___ MATERIAL FOR THE TASK ___

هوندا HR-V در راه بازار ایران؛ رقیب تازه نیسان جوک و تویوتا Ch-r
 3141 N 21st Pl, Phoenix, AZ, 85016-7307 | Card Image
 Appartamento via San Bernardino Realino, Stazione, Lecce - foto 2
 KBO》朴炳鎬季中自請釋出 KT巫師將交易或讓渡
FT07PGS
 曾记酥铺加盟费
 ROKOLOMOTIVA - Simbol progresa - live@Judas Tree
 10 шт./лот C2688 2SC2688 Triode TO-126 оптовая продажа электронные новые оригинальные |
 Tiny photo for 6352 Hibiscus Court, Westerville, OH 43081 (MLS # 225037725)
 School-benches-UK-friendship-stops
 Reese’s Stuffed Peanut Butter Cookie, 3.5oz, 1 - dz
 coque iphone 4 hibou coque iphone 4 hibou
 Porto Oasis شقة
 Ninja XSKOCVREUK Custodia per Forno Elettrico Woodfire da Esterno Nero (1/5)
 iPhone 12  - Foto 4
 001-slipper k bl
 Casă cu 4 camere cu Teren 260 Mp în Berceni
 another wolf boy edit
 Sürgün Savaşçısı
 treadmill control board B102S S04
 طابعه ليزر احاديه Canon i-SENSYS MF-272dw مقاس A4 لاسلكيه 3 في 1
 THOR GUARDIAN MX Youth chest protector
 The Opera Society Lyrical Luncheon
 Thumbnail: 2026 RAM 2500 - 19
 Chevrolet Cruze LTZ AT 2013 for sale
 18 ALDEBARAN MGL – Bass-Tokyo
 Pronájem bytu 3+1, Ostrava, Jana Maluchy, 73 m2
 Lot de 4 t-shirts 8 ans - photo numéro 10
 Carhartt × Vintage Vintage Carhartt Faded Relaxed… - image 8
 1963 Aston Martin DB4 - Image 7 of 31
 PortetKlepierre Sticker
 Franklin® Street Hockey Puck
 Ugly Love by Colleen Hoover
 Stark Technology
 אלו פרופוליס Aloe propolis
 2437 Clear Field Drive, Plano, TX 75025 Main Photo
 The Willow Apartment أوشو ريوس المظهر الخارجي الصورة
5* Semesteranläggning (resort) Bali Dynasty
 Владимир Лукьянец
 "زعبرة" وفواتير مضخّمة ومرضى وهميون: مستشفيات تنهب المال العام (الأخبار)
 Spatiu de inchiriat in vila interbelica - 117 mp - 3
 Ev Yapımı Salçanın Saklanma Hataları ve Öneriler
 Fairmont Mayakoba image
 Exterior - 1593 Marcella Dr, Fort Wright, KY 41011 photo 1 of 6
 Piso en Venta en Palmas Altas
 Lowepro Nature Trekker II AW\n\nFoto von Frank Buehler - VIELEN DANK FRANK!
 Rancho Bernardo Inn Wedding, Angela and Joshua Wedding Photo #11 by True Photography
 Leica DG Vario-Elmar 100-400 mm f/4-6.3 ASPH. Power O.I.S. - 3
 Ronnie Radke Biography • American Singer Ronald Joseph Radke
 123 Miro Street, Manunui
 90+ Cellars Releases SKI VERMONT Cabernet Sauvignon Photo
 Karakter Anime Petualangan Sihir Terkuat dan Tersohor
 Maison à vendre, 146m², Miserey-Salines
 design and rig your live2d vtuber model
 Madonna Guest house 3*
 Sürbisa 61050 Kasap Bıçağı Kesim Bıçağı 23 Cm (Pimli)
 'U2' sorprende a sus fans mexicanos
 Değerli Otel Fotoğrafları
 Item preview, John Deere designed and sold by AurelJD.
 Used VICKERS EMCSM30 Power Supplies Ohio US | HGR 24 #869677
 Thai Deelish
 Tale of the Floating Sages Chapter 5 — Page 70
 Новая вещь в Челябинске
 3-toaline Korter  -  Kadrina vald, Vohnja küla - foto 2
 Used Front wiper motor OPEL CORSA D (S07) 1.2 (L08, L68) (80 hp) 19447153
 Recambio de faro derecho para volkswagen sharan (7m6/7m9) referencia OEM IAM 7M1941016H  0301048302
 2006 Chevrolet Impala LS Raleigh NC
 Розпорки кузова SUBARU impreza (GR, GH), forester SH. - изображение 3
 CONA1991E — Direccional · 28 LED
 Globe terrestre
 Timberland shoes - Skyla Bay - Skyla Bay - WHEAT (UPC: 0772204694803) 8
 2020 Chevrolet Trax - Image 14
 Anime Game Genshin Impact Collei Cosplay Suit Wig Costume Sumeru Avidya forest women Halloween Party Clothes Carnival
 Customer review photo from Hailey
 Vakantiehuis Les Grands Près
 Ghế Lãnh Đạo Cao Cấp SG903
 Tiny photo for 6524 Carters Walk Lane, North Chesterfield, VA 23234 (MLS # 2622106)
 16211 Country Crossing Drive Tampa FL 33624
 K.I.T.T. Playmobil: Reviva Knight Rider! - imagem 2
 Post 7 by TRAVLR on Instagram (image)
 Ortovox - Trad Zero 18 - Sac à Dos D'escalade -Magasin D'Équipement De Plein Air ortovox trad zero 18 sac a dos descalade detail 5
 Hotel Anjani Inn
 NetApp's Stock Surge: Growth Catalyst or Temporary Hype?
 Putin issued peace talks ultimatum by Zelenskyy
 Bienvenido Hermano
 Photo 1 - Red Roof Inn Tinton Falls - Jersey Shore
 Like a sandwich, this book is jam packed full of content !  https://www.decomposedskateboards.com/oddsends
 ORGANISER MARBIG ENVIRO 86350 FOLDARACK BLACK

___

* WHAT TO DO
Lines before the one containing "design and rig your live2d vtuber model" are left out. Repeat that line and all lines after it in the records above exactly.

* PROBLEM SOLUTION
 design and rig your live2d vtuber model
 Madonna Guest house 3*
 Sürbisa 61050 Kasap Bıçağı Kesim Bıçağı 23 Cm (Pimli)
 'U2' sorprende a sus fans mexicanos
 Değerli Otel Fotoğrafları
 Item preview, John Deere designed and sold by AurelJD.
 Used VICKERS EMCSM30 Power Supplies Ohio US | HGR 24 #869677
 Thai Deelish
 Tale of the Floating Sages Chapter 5 — Page 70
 Новая вещь в Челябинске
 3-toaline Korter  -  Kadrina vald, Vohnja küla - foto 2
 Used Front wiper motor OPEL CORSA D (S07) 1.2 (L08, L68) (80 hp) 19447153
 Recambio de faro derecho para volkswagen sharan (7m6/7m9) referencia OEM IAM 7M1941016H  0301048302
 2006 Chevrolet Impala LS Raleigh NC
 Розпорки кузова SUBARU impreza (GR, GH), forester SH. - изображение 3
 CONA1991E — Direccional · 28 LED
 Globe terrestre
 Timberland shoes - Skyla Bay - Skyla Bay - WHEAT (UPC: 0772204694803) 8
 2020 Chevrolet Trax - Image 14
 Anime Game Genshin Impact Collei Cosplay Suit Wig Costume Sumeru Avidya forest women Halloween Party Clothes Carnival
 Customer review photo from Hailey
 Vakantiehuis Les Grands Près
 Ghế Lãnh Đạo Cao Cấp SG903
 Tiny photo for 6524 Carters Walk Lane, North Chesterfield, VA 23234 (MLS # 2622106)
 16211 Country Crossing Drive Tampa FL 33624
 K.I.T.T. Playmobil: Reviva Knight Rider! - imagem 2
 Post 7 by TRAVLR on Instagram (image)
 Ortovox - Trad Zero 18 - Sac à Dos D'escalade -Magasin D'Équipement De Plein Air ortovox trad zero 18 sac a dos descalade detail 5
 Hotel Anjani Inn
 NetApp's Stock Surge: Growth Catalyst or Temporary Hype?
 Putin issued peace talks ultimatum by Zelenskyy
 Bienvenido Hermano
 Photo 1 - Red Roof Inn Tinton Falls - Jersey Shore
 Like a sandwich, this book is jam packed full of content !  https://www.decomposedskateboards.com/oddsends
 ORGANISER MARBIG ENVIRO 86350 FOLDARACK BLACK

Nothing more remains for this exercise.